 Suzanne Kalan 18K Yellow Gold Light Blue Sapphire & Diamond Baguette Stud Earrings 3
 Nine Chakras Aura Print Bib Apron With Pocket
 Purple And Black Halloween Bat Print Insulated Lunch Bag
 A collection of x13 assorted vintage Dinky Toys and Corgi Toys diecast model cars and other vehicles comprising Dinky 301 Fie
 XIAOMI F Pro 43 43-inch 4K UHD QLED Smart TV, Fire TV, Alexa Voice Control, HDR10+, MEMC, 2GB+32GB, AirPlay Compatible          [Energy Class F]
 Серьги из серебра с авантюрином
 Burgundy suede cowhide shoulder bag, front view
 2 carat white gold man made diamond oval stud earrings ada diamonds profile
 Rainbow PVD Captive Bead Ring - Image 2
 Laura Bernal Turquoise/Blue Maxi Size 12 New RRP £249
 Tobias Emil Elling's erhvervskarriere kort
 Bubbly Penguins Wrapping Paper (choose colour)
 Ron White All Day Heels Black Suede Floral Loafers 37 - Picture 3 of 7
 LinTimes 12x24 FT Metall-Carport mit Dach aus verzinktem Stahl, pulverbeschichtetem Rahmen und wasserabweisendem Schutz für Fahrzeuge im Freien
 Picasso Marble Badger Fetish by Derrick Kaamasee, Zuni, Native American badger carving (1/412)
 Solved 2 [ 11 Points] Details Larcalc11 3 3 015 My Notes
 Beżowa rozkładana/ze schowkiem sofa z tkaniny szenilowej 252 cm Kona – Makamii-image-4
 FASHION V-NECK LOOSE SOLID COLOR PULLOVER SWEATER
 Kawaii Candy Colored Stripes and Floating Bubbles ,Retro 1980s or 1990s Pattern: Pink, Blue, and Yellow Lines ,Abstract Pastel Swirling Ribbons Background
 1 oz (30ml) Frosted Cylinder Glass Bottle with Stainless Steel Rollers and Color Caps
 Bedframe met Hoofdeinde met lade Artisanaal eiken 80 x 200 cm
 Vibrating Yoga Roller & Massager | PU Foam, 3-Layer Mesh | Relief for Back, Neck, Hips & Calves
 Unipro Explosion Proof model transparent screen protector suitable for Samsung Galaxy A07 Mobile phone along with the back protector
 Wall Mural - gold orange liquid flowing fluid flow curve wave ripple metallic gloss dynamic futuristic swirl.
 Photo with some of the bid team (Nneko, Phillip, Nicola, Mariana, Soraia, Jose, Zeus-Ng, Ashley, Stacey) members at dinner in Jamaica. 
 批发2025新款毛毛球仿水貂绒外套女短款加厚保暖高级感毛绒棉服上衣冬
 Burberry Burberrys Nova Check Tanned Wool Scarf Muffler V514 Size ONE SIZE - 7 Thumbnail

........

Find the line that contains "Tobias Emil Elling's erhvervskarriere kort". Copy it and every line after it to the end of the records, exactly, and nothing more.

#### EXERCISE RESPONSE
 Tobias Emil Elling's erhvervskarriere kort
 Bubbly Penguins Wrapping Paper (choose colour)
 Ron White All Day Heels Black Suede Floral Loafers 37 - Picture 3 of 7
 LinTimes 12x24 FT Metall-Carport mit Dach aus verzinktem Stahl, pulverbeschichtetem Rahmen und wasserabweisendem Schutz für Fahrzeuge im Freien
 Picasso Marble Badger Fetish by Derrick Kaamasee, Zuni, Native American badger carving (1/412)
 Solved 2 [ 11 Points] Details Larcalc11 3 3 015 My Notes
 Beżowa rozkładana/ze schowkiem sofa z tkaniny szenilowej 252 cm Kona – Makamii-image-4
 FASHION V-NECK LOOSE SOLID COLOR PULLOVER SWEATER
 Kawaii Candy Colored Stripes and Floating Bubbles ,Retro 1980s or 1990s Pattern: Pink, Blue, and Yellow Lines ,Abstract Pastel Swirling Ribbons Background
 1 oz (30ml) Frosted Cylinder Glass Bottle with Stainless Steel Rollers and Color Caps
 Bedframe met Hoofdeinde met lade Artisanaal eiken 80 x 200 cm
 Vibrating Yoga Roller & Massager | PU Foam, 3-Layer Mesh | Relief for Back, Neck, Hips & Calves
 Unipro Explosion Proof model transparent screen protector suitable for Samsung Galaxy A07 Mobile phone along with the back protector
 Wall Mural - gold orange liquid flowing fluid flow curve wave ripple metallic gloss dynamic futuristic swirl.
 Photo with some of the bid team (Nneko, Phillip, Nicola, Mariana, Soraia, Jose, Zeus-Ng, Ashley, Stacey) members at dinner in Jamaica. 
 批发2025新款毛毛球仿水貂绒外套女短款加厚保暖高级感毛绒棉服上衣冬
 Burberry Burberrys Nova Check Tanned Wool Scarf Muffler V514 Size ONE SIZE - 7 Thumbnail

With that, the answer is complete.